Some dude gave us a heads up to ride this mostly vehicle-free road, instead of the busy one we had been riding on. Nice to get out of the traffic for a bit.









plus it had some purty scenery and stuff









speaking of purty, here's the cutie chick that we passed on the tri bike:














oh wait, no picture of her. PSYCH. :wink:


the false top of a sweet little climb









chillin' back at the Safeway, IcemanYQQ got all artsy with the camera angle and whatnot 










Let's do it again sometime!


----------



## borregokid (Jun 9, 2005)

I use photobucket. Its pretty easy to use. The only catch is that you have to answer a sponsor questionaire.


----------



## lemonlime (Sep 24, 2003)

That is awesome! I want you all to know I hate you this much: | | 'cause I'm stuck in Memphis 'till 2009.

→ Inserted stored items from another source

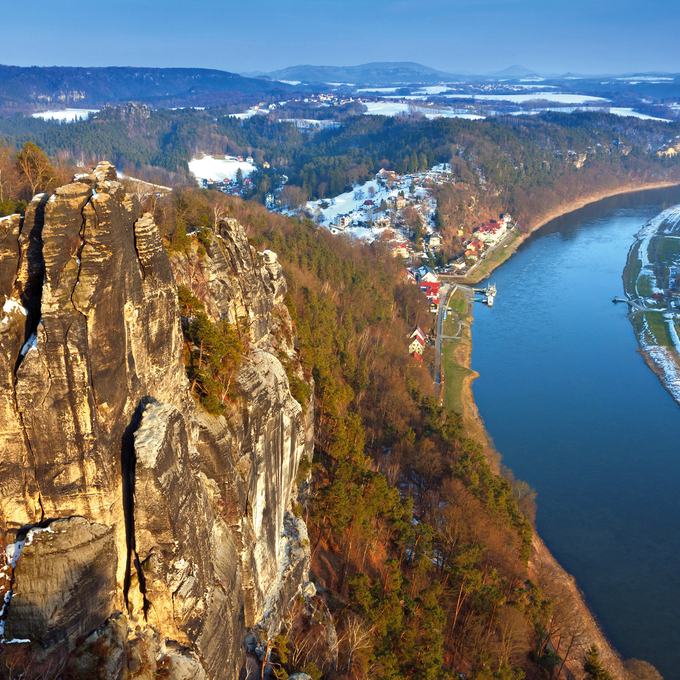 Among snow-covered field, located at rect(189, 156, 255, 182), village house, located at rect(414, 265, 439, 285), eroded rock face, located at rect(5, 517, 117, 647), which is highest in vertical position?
snow-covered field, located at rect(189, 156, 255, 182)

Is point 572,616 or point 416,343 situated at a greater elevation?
point 416,343

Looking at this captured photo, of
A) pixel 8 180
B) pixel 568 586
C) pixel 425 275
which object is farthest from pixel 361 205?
pixel 8 180

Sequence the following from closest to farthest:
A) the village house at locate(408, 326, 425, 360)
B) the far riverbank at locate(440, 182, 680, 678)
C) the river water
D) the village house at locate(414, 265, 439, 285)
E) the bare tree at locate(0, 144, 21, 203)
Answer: the bare tree at locate(0, 144, 21, 203)
the far riverbank at locate(440, 182, 680, 678)
the river water
the village house at locate(408, 326, 425, 360)
the village house at locate(414, 265, 439, 285)

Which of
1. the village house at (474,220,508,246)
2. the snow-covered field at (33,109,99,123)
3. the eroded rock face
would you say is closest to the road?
the village house at (474,220,508,246)

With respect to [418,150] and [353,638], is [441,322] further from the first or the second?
[418,150]

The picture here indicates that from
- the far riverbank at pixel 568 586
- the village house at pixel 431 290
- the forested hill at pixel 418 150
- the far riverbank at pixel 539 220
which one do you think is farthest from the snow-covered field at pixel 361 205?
the far riverbank at pixel 568 586

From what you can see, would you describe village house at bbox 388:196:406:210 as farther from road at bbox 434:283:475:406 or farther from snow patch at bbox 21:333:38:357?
snow patch at bbox 21:333:38:357

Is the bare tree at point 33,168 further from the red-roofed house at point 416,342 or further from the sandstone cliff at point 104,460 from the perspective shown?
the red-roofed house at point 416,342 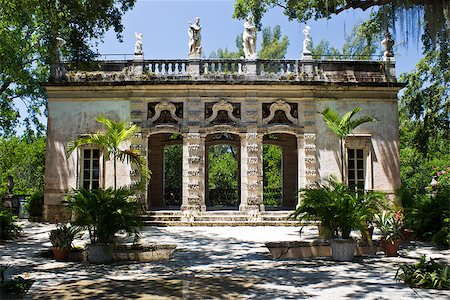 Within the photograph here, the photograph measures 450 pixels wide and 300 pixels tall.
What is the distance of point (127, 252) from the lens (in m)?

Nice photos - who's got more?


----------



## IcemanYVR (Jul 27, 2006)

Nice pix, the ride was a blast. I bet you there was over $50K in bikes on the ride


----------



## s2ktaxi (Jul 11, 2006)

Ben - Thanks for taking the photos. I certainly could not take photos while I was riding. Thanks all for making this a fun first group ride for me!

Thanks.


----------



## Guest (Sep 24, 2006)

IcemanYQQ said:


> Nice pix, the ride was a blast. I bet you there was over $50K in bikes on the ride


Glad everyone had a good time, weather certainly turned out well.

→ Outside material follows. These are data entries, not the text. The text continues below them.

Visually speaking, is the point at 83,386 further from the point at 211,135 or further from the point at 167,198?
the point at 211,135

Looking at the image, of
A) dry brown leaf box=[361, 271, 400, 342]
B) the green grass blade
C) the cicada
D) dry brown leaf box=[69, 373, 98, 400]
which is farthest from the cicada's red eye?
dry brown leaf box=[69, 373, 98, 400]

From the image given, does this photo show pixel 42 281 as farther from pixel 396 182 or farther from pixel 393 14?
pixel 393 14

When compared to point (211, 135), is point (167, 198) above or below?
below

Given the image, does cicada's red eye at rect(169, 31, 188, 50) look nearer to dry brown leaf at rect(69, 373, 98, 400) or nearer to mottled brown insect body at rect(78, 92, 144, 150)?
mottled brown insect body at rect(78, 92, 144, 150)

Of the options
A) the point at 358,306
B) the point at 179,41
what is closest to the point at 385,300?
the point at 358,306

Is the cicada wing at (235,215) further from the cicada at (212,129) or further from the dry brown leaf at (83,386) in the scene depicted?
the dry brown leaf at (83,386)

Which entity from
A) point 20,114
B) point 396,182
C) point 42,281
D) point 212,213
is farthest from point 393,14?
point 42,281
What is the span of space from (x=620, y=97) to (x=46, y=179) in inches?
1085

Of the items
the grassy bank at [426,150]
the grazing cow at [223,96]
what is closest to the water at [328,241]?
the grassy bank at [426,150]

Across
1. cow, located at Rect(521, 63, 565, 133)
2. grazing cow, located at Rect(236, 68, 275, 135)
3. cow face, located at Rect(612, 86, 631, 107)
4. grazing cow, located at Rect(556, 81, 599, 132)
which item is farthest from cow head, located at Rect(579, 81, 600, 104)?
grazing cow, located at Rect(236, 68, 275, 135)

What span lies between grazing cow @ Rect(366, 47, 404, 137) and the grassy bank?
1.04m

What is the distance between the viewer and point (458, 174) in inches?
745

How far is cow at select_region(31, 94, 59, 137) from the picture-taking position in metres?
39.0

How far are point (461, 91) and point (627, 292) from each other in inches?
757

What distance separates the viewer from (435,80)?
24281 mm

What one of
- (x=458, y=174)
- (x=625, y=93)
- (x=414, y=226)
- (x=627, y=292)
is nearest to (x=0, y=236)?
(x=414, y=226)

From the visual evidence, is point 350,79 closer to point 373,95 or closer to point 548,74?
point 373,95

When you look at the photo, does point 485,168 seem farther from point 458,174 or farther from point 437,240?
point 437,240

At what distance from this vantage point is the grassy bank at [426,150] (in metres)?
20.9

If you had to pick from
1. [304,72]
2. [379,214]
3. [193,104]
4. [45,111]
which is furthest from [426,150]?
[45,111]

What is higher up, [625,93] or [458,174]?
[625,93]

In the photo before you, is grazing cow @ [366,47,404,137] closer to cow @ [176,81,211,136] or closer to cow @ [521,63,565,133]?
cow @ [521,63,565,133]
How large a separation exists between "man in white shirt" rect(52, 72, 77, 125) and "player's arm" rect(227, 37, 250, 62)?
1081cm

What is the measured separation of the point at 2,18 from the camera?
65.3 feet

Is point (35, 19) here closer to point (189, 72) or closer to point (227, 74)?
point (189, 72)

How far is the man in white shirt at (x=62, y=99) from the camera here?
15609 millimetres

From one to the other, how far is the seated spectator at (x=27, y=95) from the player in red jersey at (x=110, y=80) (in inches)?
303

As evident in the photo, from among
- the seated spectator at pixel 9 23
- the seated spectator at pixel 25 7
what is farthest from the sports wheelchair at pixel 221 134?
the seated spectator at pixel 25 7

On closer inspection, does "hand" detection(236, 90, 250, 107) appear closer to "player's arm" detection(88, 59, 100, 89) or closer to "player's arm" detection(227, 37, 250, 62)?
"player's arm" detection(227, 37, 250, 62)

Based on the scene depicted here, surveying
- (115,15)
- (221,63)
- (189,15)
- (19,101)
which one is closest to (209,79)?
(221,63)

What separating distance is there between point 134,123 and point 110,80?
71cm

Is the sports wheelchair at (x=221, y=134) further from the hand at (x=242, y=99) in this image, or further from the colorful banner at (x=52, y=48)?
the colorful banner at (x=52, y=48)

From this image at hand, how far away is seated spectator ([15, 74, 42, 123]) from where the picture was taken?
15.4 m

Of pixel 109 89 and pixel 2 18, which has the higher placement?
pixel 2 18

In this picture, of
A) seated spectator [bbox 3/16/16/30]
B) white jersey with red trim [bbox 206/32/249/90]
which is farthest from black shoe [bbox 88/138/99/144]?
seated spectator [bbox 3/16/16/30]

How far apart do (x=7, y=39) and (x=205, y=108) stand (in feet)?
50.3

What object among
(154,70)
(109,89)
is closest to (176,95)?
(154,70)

If I'd been able to be there you would have had $50,250 worth of bikes!!


----------



## Gizmo (Mar 27, 2005)

Hello,

I rode with your group for a few miles. I had time constraints so I couldn't hang around. I met so of you on the Inglewood hill climb. I was riding a c-50 and using a camelback.

I live by Marymoor park so the route you were on is one that I ride quite often -- it basically the last half of the Flying Wheels century. I call it the "bear" loop after an encounter with a bear last year on the climb up to the Sammamish Plateau. Which road did you use for the climb?

BenWa I was hoping thank you for the pictures of Tour 'D Blast. Did your sunburn ever go away?

If you liked the ride and are in the area, drop me a PM and maybe we can ride it again. 

Jerry


----------



## Wolfman (Jun 15, 2005)

*Jealous Angeleno...*

Aw, man! I grew up in Redmond and used to ride around Carnation and Fall City all of the time! Looks like a great day up there, and you guys don't even know how lucky you are to have those roads to ride on! All I can say is that after my ride today around LA, I'd gladly swap some of our sunshine for some better roads. I've got to get back up there in the summer sometime soon...


----------



## rcnute (Dec 21, 2004)

Good times. Thanks everyone.


----------



## kreger (Mar 10, 2004)

you know i was talking to b2/bryan when this was taken, he was saying he couldnt get into his big ring, i guess the bolt had broken and the crank was working its way off =(

did the crank get mucked up at all? 










you know if we keep riding like this were all going to be dead by xmas? we were making a left hand turn. i think i saw the driver motion us over...i think...

i took some pictures, many of the chilis extravaganza afterwords. ill get them all posted

rcnute? how was that b!itch of a hill? work..well worked me that night, good thing i didnt go.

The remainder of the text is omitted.